Gatland played down a debate over a first-half penalty by Hook that was disallowed but looked as if it had dissected the uprights.

Asked whether Wayne Barnes, the English referee, should have consulted the television match official, Gatland said: "Yes. They've got the technology.

"But you take the good with the bad. We missed a drop goal in front of the posts and James [Hook] missed a penalty that could have won us the game.

"That's the drama of sport.
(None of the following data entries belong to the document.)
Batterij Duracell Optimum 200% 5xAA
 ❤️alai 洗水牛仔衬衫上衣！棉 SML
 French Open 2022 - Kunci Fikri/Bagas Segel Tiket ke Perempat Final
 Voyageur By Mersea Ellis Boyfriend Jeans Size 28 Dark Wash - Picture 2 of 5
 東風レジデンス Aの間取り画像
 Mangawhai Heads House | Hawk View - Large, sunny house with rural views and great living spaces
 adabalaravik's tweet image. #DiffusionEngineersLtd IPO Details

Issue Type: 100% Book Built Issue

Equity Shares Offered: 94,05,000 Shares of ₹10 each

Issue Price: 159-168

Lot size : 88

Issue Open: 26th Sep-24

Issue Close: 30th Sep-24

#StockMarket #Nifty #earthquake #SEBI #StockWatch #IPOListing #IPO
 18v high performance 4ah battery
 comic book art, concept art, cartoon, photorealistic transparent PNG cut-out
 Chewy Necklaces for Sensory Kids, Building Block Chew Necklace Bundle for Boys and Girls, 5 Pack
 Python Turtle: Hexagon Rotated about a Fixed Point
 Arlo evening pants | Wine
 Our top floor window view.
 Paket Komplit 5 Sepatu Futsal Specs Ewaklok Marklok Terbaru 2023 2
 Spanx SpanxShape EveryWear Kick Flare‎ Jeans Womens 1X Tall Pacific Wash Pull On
It's not always predictable."

Sean Edwards, the assistant coach, is confident Wales can bounce back.

"They're young, fit and have got no fear," he said.

"This situation we found ourselves in is an opportunity to show our true character."

Peter de Villiers, the South Africa coach, played down concerns over his side's performance, saying a positive result was the only thing that mattered.

"What a brilliant start for us," de Villiers said. "We always knew it was probably going to be tough.

"It was very hard. I enjoyed this one. They never allowed us to get going.

"It was a test of character. We came to win the first one, and we achieved that goal."

South Africa suffered a blow when they lost Jean de Villiers, the centre (ribs), halfway through the first half and the lock, Victor Matfield (hamstring), early in the second half to injury.

De Villiers said: "We're very worried about them.

"But we'll do a full assessment over the next 24 hours as we normally do because we want to be completely accurate in those things."

John Smit, the captain, said the weight of expectation from a demanding South African public had led to "extra pressure" on the team, but was left "delighted" by the result.

"The tournament's about only one thing. It's only about results in the World Cup," he said.